* [Data to process]:

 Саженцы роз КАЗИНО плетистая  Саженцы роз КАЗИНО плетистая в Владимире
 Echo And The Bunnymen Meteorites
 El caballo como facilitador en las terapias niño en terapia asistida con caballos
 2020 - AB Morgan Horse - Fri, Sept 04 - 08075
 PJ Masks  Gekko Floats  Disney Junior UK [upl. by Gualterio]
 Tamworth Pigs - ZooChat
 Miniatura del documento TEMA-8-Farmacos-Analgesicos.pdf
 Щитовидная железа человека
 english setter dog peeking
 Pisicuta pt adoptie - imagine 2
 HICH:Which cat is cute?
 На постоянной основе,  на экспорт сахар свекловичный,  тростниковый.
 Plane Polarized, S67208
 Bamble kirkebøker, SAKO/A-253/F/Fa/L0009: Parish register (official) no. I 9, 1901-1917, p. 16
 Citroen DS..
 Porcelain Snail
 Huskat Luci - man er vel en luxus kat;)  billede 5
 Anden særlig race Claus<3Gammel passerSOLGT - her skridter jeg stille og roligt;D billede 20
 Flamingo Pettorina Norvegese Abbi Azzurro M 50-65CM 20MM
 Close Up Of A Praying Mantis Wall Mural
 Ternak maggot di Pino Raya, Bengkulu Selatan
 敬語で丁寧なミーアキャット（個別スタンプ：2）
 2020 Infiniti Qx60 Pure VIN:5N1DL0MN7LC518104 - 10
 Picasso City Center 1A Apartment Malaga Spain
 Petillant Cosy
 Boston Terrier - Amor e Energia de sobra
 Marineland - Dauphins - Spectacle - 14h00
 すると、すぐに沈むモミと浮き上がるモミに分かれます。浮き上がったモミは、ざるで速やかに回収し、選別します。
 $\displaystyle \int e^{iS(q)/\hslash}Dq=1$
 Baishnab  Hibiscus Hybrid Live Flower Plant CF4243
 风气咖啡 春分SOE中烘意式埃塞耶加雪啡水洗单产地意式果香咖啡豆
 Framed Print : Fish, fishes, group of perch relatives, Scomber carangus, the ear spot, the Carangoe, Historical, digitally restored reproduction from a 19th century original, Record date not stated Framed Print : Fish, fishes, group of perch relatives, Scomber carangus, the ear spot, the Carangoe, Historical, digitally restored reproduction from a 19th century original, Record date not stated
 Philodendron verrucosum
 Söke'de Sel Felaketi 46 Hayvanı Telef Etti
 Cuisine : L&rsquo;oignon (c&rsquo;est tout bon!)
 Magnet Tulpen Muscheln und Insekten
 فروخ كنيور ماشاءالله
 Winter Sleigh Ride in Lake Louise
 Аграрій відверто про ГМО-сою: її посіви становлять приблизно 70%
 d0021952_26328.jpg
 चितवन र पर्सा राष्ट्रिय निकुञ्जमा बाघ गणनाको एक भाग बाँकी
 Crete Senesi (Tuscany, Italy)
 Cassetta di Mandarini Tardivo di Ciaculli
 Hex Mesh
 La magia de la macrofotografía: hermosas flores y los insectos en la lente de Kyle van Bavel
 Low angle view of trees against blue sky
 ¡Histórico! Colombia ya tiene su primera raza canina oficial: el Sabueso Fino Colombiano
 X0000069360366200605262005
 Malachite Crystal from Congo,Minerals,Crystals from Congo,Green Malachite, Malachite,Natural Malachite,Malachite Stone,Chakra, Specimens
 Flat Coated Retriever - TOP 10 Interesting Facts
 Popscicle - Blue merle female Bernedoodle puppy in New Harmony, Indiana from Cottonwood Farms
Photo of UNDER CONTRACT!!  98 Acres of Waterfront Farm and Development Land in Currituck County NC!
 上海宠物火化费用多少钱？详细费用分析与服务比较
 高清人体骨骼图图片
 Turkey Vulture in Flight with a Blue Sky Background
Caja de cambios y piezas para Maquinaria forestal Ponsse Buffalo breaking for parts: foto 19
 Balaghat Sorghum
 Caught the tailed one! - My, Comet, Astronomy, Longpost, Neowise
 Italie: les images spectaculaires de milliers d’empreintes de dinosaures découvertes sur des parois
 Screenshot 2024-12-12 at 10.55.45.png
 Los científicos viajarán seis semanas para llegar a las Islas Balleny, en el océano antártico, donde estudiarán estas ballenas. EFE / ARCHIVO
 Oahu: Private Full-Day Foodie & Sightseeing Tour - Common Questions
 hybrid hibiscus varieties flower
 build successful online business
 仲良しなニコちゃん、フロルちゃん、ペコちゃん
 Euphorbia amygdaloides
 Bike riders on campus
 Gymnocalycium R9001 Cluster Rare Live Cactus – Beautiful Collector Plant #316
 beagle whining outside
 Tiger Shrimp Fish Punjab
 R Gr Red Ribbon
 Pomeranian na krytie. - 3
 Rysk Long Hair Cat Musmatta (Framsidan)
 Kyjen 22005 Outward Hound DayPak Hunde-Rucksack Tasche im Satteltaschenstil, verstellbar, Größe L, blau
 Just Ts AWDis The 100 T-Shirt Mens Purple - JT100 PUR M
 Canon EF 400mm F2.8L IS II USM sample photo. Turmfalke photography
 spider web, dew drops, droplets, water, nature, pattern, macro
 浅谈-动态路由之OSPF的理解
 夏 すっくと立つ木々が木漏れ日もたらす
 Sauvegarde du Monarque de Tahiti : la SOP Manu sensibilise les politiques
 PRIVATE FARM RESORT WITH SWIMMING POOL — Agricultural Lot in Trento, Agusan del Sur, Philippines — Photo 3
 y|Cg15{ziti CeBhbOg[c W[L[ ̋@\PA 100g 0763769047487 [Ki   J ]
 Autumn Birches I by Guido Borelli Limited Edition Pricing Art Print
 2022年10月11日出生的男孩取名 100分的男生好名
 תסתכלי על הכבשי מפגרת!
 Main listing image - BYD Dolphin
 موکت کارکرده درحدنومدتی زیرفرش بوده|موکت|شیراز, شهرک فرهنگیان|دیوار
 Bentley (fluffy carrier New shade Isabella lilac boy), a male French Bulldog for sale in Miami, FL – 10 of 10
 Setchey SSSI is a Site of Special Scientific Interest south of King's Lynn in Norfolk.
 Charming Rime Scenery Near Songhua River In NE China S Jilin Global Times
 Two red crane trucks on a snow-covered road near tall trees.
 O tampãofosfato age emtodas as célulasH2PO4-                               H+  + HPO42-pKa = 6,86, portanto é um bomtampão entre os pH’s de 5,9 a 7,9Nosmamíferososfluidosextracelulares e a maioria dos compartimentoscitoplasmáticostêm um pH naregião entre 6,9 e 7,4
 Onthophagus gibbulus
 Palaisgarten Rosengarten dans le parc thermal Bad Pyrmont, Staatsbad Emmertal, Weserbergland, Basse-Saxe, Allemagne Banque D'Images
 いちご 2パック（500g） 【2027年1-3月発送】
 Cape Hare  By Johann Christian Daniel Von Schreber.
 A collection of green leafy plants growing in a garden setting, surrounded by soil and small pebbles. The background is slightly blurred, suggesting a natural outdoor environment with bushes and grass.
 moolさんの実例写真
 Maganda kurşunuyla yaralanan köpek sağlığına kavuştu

* [Exercise objective]: Your answer should be exactly the lines of the data above, from the first through the line containing "2020 - AB Morgan".

* [The completed task]:
 Саженцы роз КАЗИНО плетистая  Саженцы роз КАЗИНО плетистая в Владимире
 Echo And The Bunnymen Meteorites
 El caballo como facilitador en las terapias niño en terapia asistida con caballos
 2020 - AB Morgan Horse - Fri, Sept 04 - 08075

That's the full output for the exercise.